DISCLAIMER: I am well aware that during this time of pandemic not everyone has had spare time on their hands! I know that some have been overwhelmed with trying to juggle working at home and home schooling kids. I know that some of you are working harder than ever to hold down your jobs in ways that are safe for everyone, and that some of you are risking your lives caring for the sick. – BLESS YOU ALL! This post was written more for those who have found themselves isolated, bored, and restless, a perspective where we have an extraordinary opportunity to hear from God – an opportunity we should not be wasting. On the other hand, when our lives are busier than ever – when we would welcome some boredom – this is something we may need even more.

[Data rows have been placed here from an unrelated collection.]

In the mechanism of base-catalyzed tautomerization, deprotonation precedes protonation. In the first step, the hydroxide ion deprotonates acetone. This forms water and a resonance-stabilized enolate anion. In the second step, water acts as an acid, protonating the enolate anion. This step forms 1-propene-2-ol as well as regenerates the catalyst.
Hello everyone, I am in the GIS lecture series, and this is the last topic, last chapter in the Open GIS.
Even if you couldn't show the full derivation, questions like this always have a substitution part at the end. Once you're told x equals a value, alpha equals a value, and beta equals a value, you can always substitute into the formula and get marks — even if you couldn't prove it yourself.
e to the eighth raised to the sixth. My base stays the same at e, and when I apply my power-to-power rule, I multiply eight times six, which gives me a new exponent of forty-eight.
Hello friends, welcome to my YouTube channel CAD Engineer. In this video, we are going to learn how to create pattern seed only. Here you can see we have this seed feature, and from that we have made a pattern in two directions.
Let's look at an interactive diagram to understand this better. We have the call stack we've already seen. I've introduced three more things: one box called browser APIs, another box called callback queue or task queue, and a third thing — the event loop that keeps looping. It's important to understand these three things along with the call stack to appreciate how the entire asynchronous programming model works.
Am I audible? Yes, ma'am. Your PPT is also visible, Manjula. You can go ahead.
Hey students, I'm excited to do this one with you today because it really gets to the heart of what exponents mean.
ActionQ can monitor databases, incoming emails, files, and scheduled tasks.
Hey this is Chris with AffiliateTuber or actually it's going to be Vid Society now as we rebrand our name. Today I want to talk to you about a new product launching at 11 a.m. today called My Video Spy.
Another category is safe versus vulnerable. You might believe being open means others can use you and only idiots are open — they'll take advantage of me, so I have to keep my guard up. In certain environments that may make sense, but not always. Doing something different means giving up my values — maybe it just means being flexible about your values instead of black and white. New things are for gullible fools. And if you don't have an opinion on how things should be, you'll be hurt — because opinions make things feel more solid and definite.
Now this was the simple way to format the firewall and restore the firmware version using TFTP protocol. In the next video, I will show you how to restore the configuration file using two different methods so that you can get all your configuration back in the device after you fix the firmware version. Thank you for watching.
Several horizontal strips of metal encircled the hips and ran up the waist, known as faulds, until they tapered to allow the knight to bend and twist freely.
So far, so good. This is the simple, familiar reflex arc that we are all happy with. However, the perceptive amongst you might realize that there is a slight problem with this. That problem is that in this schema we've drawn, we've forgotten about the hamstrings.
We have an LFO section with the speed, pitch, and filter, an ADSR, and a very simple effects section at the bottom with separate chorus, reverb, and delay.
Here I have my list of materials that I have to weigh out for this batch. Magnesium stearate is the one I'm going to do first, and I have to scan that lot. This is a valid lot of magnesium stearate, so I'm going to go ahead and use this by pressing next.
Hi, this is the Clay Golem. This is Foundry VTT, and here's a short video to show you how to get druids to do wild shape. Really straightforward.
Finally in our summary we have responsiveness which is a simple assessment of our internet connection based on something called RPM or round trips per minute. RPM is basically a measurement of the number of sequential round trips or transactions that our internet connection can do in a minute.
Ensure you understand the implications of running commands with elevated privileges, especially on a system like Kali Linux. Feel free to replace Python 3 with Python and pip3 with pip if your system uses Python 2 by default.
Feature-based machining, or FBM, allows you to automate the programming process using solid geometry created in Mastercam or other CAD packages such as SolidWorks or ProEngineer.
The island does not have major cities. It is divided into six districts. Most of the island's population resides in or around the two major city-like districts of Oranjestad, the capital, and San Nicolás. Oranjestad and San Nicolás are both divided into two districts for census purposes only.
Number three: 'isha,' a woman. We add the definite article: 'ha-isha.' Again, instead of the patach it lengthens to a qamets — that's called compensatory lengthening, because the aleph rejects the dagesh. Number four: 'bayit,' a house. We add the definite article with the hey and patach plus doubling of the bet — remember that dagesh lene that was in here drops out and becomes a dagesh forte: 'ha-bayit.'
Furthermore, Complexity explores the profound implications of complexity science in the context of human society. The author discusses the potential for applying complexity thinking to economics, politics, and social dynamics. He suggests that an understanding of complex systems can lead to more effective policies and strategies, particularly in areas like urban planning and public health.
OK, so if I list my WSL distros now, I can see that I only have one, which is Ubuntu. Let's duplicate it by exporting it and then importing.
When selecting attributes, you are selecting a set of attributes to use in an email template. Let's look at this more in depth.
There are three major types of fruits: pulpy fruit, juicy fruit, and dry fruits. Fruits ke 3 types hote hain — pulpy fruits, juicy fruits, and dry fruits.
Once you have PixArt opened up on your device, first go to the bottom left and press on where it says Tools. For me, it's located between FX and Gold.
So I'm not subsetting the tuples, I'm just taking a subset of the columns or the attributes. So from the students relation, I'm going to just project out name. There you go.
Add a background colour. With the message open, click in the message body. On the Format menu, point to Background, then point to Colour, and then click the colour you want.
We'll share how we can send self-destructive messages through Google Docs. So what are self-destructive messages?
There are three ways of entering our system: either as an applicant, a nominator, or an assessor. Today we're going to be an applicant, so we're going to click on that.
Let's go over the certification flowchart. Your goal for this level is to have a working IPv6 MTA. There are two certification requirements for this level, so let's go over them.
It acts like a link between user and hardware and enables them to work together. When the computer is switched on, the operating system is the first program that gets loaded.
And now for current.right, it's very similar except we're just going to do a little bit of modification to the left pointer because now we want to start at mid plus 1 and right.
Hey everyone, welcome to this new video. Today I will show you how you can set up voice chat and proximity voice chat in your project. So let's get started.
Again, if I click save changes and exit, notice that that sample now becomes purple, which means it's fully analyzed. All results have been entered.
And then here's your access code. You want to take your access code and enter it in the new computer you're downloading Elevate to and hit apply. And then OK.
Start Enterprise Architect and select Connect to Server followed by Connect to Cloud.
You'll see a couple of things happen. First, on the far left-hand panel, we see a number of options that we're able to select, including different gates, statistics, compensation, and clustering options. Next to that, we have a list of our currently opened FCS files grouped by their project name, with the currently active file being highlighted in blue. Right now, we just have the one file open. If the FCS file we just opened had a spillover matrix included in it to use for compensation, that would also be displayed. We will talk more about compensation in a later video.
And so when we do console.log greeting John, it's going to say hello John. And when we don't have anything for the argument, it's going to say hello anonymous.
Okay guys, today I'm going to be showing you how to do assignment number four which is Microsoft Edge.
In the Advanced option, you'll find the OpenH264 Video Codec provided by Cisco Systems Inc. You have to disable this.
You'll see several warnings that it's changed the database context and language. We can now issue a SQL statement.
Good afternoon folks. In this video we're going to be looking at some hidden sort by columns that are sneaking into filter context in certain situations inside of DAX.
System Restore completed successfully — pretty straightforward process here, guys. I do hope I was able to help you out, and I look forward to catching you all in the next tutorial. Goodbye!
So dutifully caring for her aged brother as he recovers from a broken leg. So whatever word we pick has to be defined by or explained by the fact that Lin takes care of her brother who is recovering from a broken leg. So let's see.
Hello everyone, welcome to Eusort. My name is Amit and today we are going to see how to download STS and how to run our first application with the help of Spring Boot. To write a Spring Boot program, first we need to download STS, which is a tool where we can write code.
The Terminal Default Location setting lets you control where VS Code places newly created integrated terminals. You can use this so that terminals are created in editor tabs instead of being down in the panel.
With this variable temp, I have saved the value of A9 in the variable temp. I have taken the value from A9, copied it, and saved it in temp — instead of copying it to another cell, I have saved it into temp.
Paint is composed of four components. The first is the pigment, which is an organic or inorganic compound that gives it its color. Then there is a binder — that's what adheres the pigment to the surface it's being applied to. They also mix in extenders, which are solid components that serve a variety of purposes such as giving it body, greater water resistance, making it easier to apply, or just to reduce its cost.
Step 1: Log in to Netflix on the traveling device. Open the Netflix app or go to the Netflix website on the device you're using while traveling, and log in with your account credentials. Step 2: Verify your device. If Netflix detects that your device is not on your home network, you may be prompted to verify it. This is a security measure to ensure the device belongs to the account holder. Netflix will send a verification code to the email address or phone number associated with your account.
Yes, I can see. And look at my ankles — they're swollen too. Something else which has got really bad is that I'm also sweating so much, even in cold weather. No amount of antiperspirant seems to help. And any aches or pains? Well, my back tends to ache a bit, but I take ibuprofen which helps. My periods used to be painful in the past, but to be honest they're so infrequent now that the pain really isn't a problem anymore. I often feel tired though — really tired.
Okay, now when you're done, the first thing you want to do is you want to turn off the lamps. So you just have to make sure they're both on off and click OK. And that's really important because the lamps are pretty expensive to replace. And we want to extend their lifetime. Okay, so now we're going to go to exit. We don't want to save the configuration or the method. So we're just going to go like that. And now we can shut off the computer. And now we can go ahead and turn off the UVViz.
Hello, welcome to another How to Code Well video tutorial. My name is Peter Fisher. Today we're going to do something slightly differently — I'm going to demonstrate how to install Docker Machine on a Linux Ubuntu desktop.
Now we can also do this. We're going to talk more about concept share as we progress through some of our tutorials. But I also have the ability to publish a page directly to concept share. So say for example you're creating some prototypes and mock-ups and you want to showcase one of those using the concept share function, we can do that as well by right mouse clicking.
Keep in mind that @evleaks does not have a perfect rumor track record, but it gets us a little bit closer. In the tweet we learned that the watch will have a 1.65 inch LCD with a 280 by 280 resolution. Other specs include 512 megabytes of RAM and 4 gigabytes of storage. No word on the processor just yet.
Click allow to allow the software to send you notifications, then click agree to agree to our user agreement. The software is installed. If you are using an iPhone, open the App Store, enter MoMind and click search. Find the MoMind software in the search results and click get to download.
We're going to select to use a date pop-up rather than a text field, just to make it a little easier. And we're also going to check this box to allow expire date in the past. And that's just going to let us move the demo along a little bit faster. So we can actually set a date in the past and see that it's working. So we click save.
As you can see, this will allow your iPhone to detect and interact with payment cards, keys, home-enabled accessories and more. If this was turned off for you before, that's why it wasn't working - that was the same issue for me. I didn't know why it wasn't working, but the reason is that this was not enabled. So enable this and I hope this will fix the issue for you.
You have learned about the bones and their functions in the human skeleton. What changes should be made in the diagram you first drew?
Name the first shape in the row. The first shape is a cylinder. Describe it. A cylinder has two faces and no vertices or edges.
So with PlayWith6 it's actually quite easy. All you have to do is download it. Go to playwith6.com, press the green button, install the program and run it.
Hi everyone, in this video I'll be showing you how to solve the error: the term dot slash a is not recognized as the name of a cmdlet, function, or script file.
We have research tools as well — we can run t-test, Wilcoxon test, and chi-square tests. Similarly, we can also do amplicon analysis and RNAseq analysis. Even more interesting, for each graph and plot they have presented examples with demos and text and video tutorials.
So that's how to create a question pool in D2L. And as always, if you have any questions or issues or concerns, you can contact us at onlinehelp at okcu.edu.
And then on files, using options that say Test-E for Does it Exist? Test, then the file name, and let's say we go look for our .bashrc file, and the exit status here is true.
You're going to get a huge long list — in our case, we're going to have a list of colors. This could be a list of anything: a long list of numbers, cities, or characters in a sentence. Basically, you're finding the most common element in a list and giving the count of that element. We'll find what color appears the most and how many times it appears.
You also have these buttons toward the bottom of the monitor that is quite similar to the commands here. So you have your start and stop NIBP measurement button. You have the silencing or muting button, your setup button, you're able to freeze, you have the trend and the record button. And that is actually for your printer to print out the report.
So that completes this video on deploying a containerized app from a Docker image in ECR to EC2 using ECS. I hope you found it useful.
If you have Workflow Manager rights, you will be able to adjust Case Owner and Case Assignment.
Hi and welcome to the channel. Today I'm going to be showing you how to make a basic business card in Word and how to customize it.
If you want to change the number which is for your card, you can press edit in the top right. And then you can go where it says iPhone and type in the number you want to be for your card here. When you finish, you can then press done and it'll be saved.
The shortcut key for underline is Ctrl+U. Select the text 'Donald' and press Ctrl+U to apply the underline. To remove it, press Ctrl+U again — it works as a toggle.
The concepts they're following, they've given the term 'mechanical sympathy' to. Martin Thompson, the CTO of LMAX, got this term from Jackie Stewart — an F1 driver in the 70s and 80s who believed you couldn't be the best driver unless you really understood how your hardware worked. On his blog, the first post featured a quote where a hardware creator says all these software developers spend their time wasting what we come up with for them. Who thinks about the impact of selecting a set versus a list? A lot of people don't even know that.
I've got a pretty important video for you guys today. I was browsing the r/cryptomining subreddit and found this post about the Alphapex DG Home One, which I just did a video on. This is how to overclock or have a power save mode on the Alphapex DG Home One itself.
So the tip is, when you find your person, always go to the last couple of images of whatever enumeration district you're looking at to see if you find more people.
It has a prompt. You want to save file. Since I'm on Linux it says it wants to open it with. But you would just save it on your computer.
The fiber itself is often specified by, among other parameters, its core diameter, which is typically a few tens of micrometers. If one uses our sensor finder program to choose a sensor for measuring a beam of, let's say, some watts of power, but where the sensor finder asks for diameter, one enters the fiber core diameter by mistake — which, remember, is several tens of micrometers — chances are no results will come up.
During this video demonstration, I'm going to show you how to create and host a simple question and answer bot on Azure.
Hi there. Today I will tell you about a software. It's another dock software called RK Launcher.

Then a great and powerful wind tore the mountains apart and shattered the rocks before the LORD, but the LORD was not in the wind. After the wind there was an earthquake, but the LORD was not in the earthquake. After the earthquake came a fire, but the LORD was not in the fire. And after the fire came a gentle whisper.” I Kings 19:11-12
Elijah had prophesied a three-and-a-half-year drought for the rebellious nation of Israel. When the drought took place as predicted, the prophet spent three and a half years alone in the wilderness, hiding out from the evil and unrepentant Queen Jezebel, who was bent on killing him.
(You might say he was quarantined.)
During this time of isolation Elijah drank from a stream and was fed by ravens. The nineteenth chapter of I Kings describes the day the prophet heard from God. First he was assailed by all manner of natural disasters. Like special effects in a Hollywood blockbuster, a wind whipped through, powerful enough to split rocks, followed by an earthquake, then a fire. But it was only after these things had passed that Elijah heard the voice of God.
Today we have our own types of distractions, demands, interruptions, and crises coming from every direction, and sometimes it seems there is never a moment of quiet.
Until recently. Now for some of us our hyperactive minds have tended to think there’s been too much quiet, and reaching for a device to fill the void was almost an involuntary reflex. But as the quarantine continued and many have grown impatient, we have gone from filling the void to being bombarded by countless voices – opinions, rants, conspiracy theories, scandals, propaganda, trivia, and pointless chatter about every topic under the sun. How can staying “safe at home” feel so stressful? And how do we transition into the “new normal” without taking that extra stress with us?
Before turning on the noise again, let’s consider an alternative.
As abnormal as our present situation has felt, this lessening of daily demands may have been offering us an opportunity to hear a Voice we’ve possibly never heard before – a Voice well worth hearing.
Recently I came across this parable of a present-day “Elijah’s” experience that I wrote years ago. I wish I had found it a couple of months ago, but it’s still relevant – maybe more than when I wrote it – and it’s never too late to reevaluate our priorities and start making necessary changes. Check it out, and if the shoe fits, it just might be the last thing you’ll want to read on line today:
A young man was looking for God. He took his smartphone, read his text messages, checked his voicemail, and looked at his pictures. But the LORD was not in the smartphone.
He took his laptop and checked his emails, Facebook, and Twitter. But the LORD was not in the laptop.
He turned on the TV and checked the news, Netflix, Amazon, and Hulu. But the LORD was not in the TV.
Finally, the young man turned off all technology and sat in silence. And in the silence, there came a still, small voice …
As we wait for our society to finish reopening, instead of regretting the boredom, quiet, and isolation, let’s take advantage of every moment of solitude and quiet, while we still have a chance. Let’s use this time to develop a good habit to take with us into the “new normal” – the habit of not only talking to God, but also listening for his Still, Small Voice.